MDA workers launch strike action at company’s global space headquarters

Source, Unifor National

April 9, 2024


BRAMPTON—Fifty workers at MDA’s new global headquarters and space robotics centre launched strike action on April 8 following the company’s refusal to negotiate.

“Fair wages shouldn’t be light years away for workers at an incredibly profitable company such as MDA,” said Unifor National President Lana Payne. “The facility houses some of the most skilled workers in the industry and they deserve a fair contract that reflects their contribution to MDA’s bottom line.”

Unifor represents 50 workers at the facility in a variety of production, skilled trades, office and clerical roles at MDA’s newly built global space headquarters in Brampton, Ontario. They support the company’s space robotics and satellite component manufacturing operations. MDA workers build components and help develop technologies for such iconic space projects as the Canadarm for the Space Shuttle program and the International Space Station. MDA is the future home of the third generation Canadarm for use in the Gateway lunar space station.

“All of us at MDA have been part of some of the most important and cherished scientific and technological projects in the last half century which is what makes this strike so painful for us,” said Sebastian Selvagio, Unifor Local 673 plant chairperson at MDA. “In the middle of an affordability crisis, we’re prepared to fight for the fair wages, reasonable cost of living protection, and decent pensions we have rightly earned.”

With the construction of its new Brampton facility, the company sought significant changes to the existing agreement which expired October 1, 2023.  Only a few of the 28 days in negotiations between both parties were spent addressing core economic issues, prompting the union to set a strike deadline for Monday April 8 at 7 a.m. The union requested that both parties negotiate up until the negotiating deadline, however, the company refused to participate.

“MDA’s profits are soaring and CEO Mike Greenly could give himself a 20% pay increase because our members do incredible work every single day,” said Bryan Dunn, Unifor Local 112 plant chairperson at MDA. “It is disrespectful for MDA to refuse to negotiate when we’ve shown nothing but dedication to this company. The company could easily afford the proposals we’ve tabled during bargaining.”

According to MDA’s 2023 financial statements, the company earned more than $807 million in revenue, a significant portion of which is funded by large government contracts, including a federal funding of $2 billion for the Canadarm3 project.
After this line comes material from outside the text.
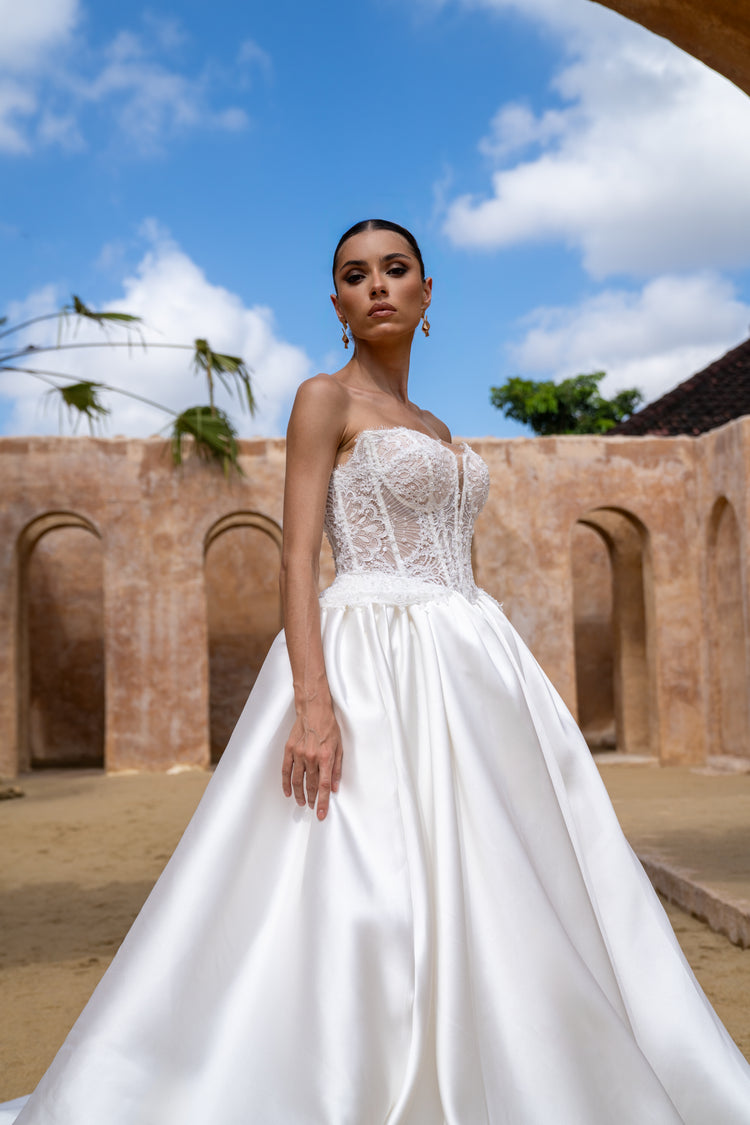 Sasha Lace Up Detachable Hip Petticoat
MDA also regularly receives generous provincial and federal subsidies, including approximately $25 million from the Ontario government to fund its newly constructed global space headquarters and $132.7 million in available federal investment tax credits.

The union is dedicated to negotiating a fair settlement to the ongoing labour dispute, however, the company has given no indication that it will return to the bargaining table.